Ariel Manuel Friedler, 36, of Arlington, Virginia, pleaded guilty to conspiracy to access a protected computer without authorization. Sentencing is scheduled for Aug. 1, 2014 before U.S. District Judge Anthony J. Trenga in the Eastern District of Virginia.
"The Department of Justice is committed to protecting the intellectual property and private information of our citizens and businesses from economic espionage," said Acting Assistant Attorney General O'Neil. "Hackers who think they can anonymously steal confidential information from competitors' computer systems should take note: we will investigate you, and we will prosecute you."

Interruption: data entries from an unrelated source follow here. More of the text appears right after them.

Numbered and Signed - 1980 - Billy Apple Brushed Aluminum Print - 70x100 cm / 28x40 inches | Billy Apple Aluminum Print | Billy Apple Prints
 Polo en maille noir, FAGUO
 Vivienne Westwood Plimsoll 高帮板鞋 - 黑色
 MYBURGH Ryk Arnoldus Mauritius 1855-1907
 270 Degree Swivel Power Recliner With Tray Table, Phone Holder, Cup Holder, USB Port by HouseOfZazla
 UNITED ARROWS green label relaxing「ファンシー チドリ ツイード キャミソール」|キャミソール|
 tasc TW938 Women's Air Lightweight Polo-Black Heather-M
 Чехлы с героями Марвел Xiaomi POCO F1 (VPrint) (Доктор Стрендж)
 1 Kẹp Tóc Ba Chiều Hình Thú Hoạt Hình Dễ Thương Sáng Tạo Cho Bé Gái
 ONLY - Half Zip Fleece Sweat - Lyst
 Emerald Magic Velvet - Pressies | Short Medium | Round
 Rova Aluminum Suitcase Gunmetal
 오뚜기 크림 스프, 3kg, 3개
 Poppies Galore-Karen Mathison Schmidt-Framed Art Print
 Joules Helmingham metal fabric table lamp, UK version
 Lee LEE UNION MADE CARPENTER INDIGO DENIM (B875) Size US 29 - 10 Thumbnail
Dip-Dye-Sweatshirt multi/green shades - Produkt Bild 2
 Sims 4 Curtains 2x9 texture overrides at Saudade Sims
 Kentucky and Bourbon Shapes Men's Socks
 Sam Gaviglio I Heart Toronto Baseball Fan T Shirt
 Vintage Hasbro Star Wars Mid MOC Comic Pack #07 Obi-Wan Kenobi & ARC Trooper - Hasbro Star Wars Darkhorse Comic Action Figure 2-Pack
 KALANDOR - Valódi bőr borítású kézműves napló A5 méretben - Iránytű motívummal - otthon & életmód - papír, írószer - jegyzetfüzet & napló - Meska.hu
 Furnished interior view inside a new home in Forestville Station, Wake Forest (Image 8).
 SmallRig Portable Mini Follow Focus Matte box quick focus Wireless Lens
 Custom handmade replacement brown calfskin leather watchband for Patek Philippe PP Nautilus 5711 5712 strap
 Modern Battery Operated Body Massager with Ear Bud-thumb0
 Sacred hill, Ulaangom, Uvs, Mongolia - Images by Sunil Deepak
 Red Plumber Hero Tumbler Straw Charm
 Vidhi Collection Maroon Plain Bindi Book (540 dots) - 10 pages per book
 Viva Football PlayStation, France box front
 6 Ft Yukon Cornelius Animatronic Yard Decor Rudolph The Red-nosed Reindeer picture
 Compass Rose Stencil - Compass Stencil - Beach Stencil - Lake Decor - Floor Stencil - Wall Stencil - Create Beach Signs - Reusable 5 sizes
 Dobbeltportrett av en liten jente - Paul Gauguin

"We are committed to working with our law enforcement partners to protect American businesses from intellectual property theft, whether the threat comes from an international or domestic source," said U.S. Attorney Boente. "This case should send a clear message: We will aggressively prosecute criminals who attempt to steal confidential business information while hiding behind a cloak of anonymity."
"This was a complex investigation involving senior executive management of the Symplicity Corporation who used sensitive customer login credentials to gain unauthorized access to their competitor's computer networks" said Special Agent in Charge Lee. "These actions caused significant harm to their competitors and ultimately gave Symplicity an unfair business advantage. Although many victim businesses seek civil remedies in situations like this, reporting breaches of business computer networks to law enforcement is crucial towards combating these types of crimes."
According to court records filed with the plea agreement, Symplicity provides student disciplinary records management services to colleges and universities. Friedler conspired with two other Symplicity employees between 2007 and 2011 to hack into the computer systems of two companies that competed with Symplicity's business. Friedler and others decrypted account passwords of former customers, and Friedler hid his IP address using TOR, a network of computers used to encrypt and anonymize online communications. Friedler then accessed customer contacts and viewed the proprietary and confidential software design and features of competitors Maxient LLC and a second company, identified in court documents as "Company A," to inform Symplicity's software development and sales strategy.
This case was investigated by the FBI's Richmond Field Office. Trial Attorney Peter V. Roman of the Criminal Division's Computer Crime and Intellectual Property Section and Assistant U.S. Attorney Alexander T.H. Nguyen of the Eastern District of Virginia are prosecuting the case.